That was the case for Hartford, whose career as a midwestern folkie-bluegrass-country composer and musician saw him earn a fiercely (though “tenderly” may be a more relevant word) devoted following and a fierce amount of money after he wrote and recorded “Gentle on My Mind” in May, 1967 to only modest airplay and sales.
But Glen Campbell was thunderstruck when he heard it on the radio, so he hastily assembled a group of musicians and recorded his own version barely a month later, ultimately making it, according to BMI Music, the 16th most frequently played song on radio and television in the entire 20th century. (Commercially successful covers of the song by the likes of Frank Sinatra, Dean Martin, Roger Miller, Elvis, Aretha, and Patti Page also helped push that number along.)
(Additional side note: Hartford hated Sinatra’s version…)
It’s a strange position to be in, because a monster hit always brings monster royalties to the songwriter, even as the song is forevermore identified with the singer rather than the person who wrote it.
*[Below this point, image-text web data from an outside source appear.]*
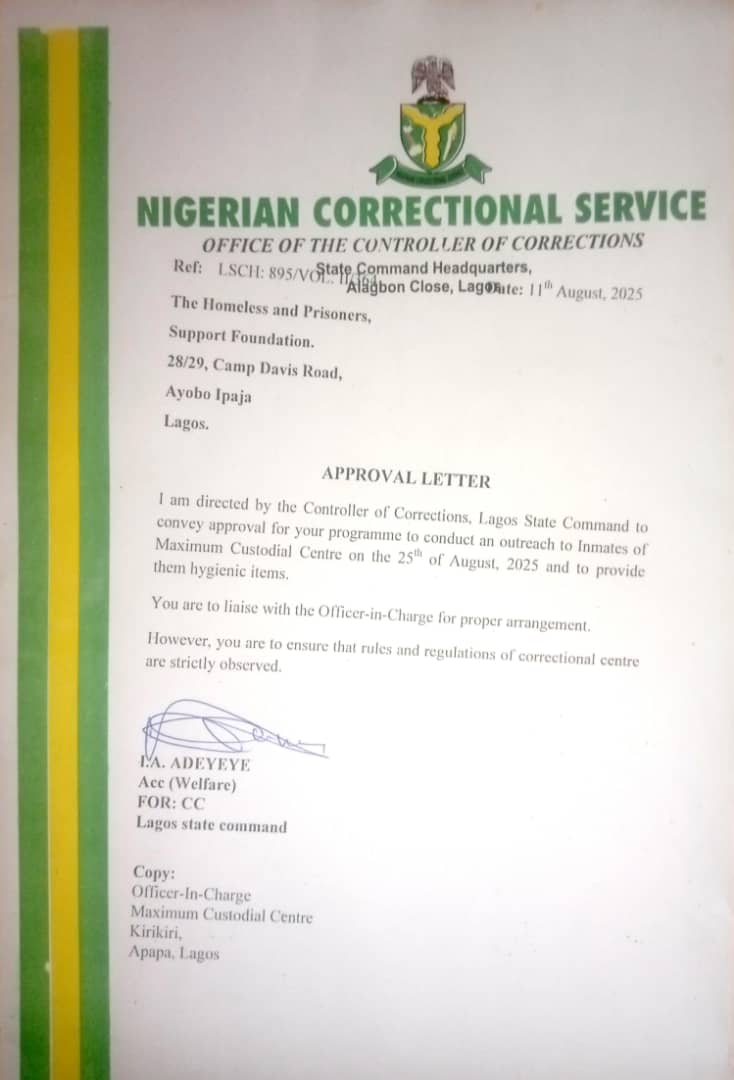 Lagos State Command Approval - Official approval letter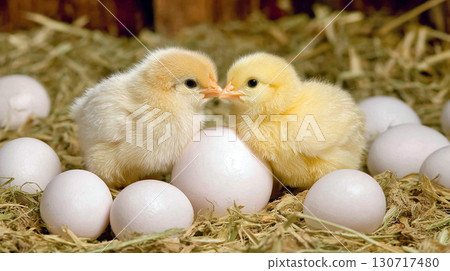 Newly Hatched Yellow Chicks Nestled Among Fresh White Eggs 130717480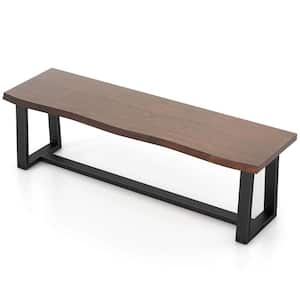 Coffee Dining Bench with Wavy Edge and Metal Frame 56.5 in.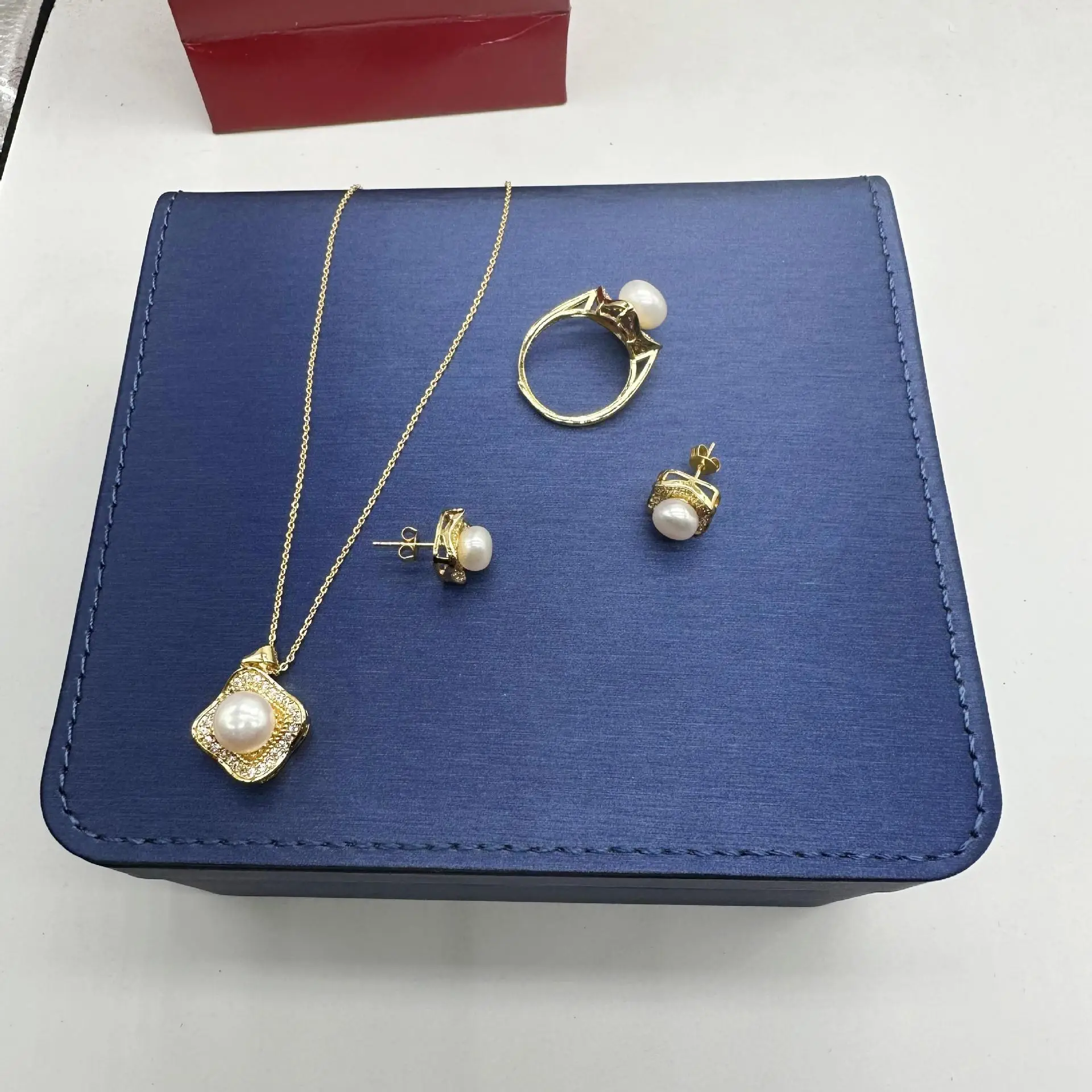 Korean Style Pearl Necklace Set 24K Gold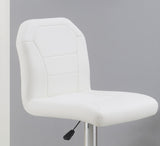 Adjustable stool Chair White Faux Leather Clean Lines Seat Chrome Base Modern Set of 2 Chairs / B011P151352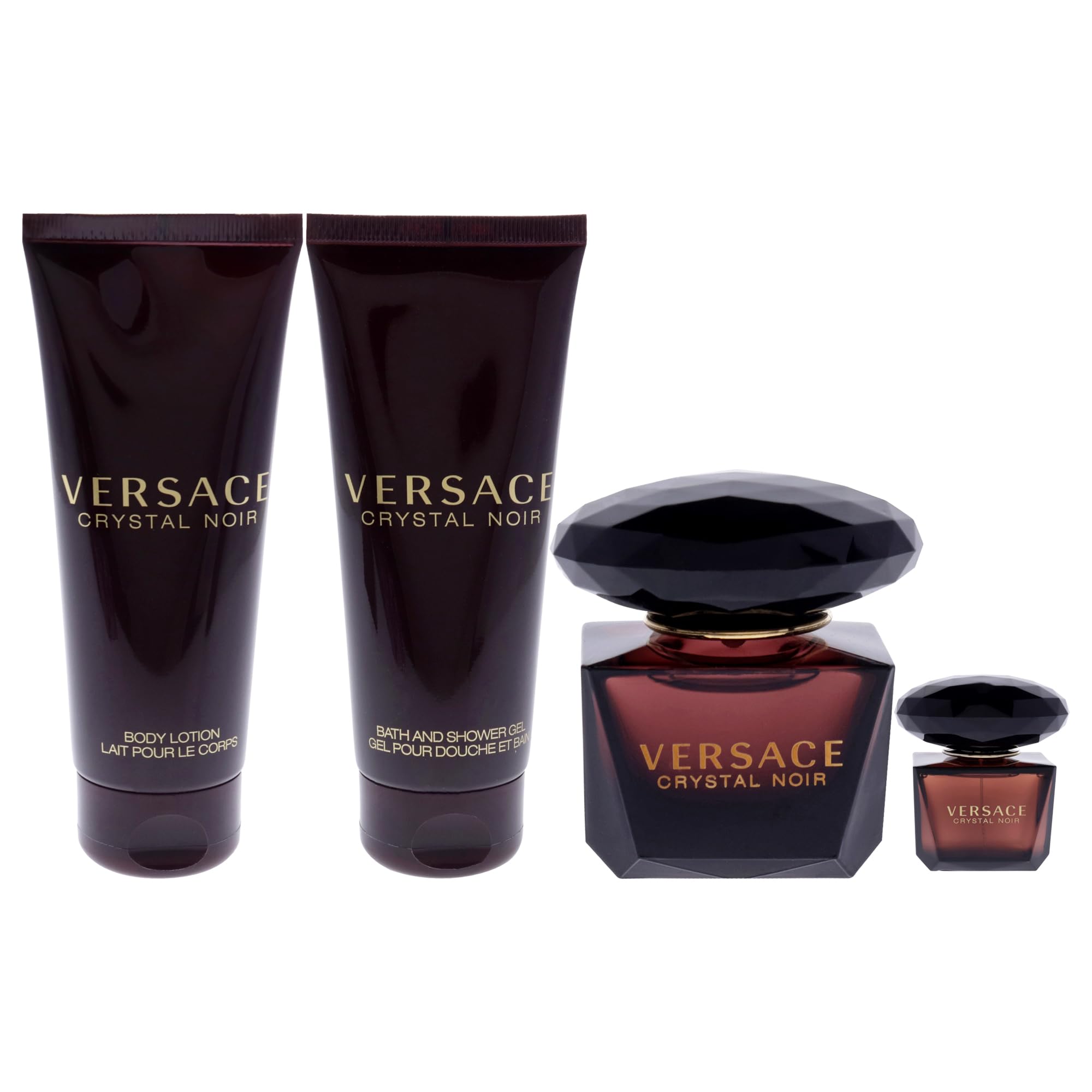 Versace Crystal Noir bath gel tube displayed for refreshing cleansing with fragrance.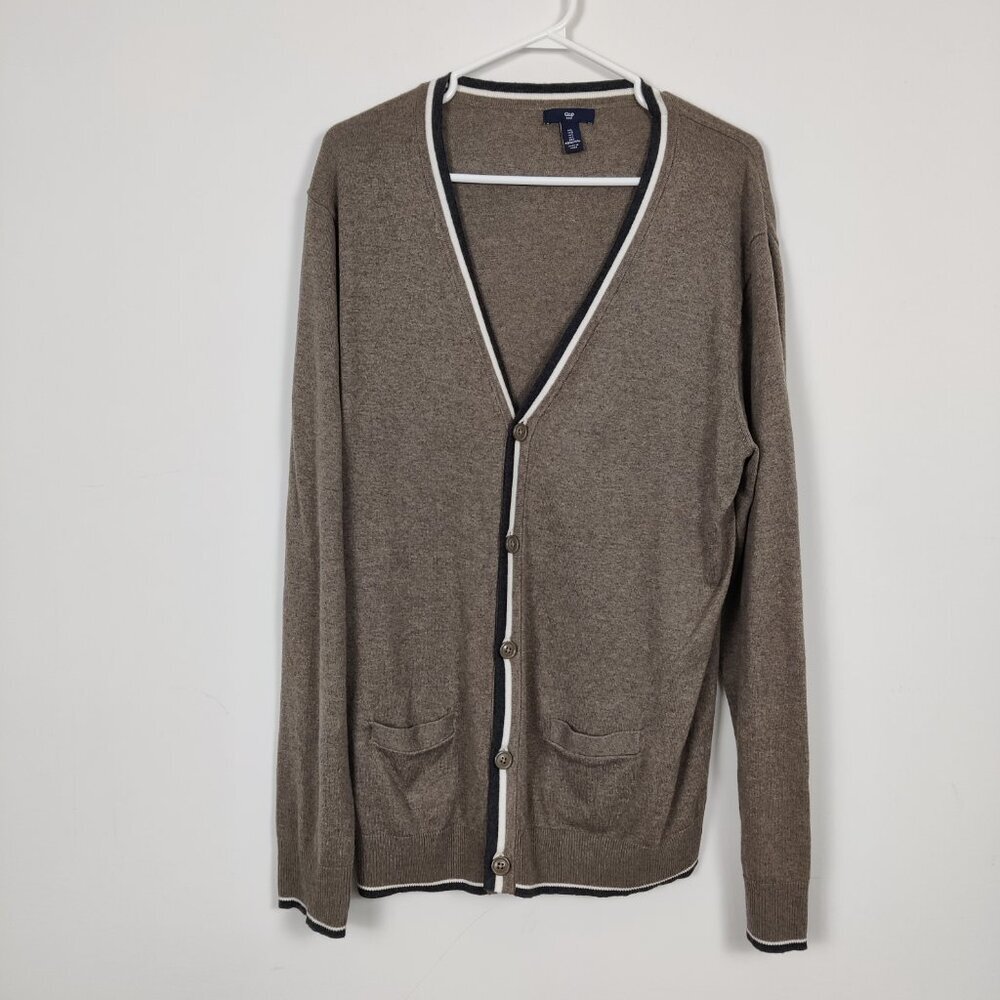Gap Men's Button Down V-neck Cardigan Sweater Size Large 100% Cotton Academia
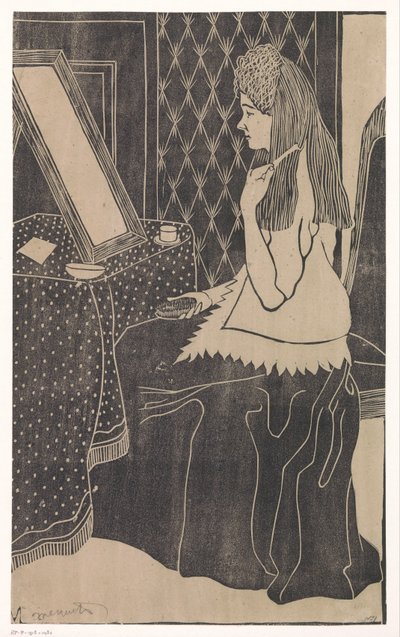 Nainen peilipöydässä tekijältä Samuel Jessurun de Mesquita (signed by artist)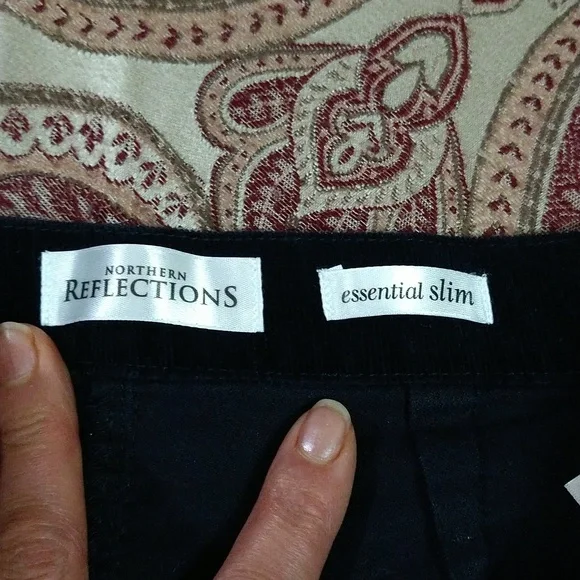 Size 8P Northern Reflections essential slim black corduroy pants - Picture 10 of 15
For Hartford, though, the absence of credit bothered him not at all. For one thing, the song landed him the regular musical and even scriptwriting gig for “The Smothers Brothers Comedy Hour” mentioned above. Campbell sang it there, soon landed his own show, and invited Hartford to lend a hand there, too.
It was a heady few years for the generally shy and creative soul Hartford was, but the financial freedom also allowed him complete freedom as an artist, able to answer whatever creative sirens called to him for the second half of his life, which was ultimately cut short in 2001 by non-Hodgkins lymphoma. He was but 63 years old.
But many years before that, in 1977, he paid homage to Miss Ferris with the song of that very title. My favorite version of it here shows him in all his glory, plying his twin passions, doing what he loved, the instrumentation bare but the storytelling in full power mode. Let’s give it a listen and then read the lyrics before wrapping up with a bit of discussion.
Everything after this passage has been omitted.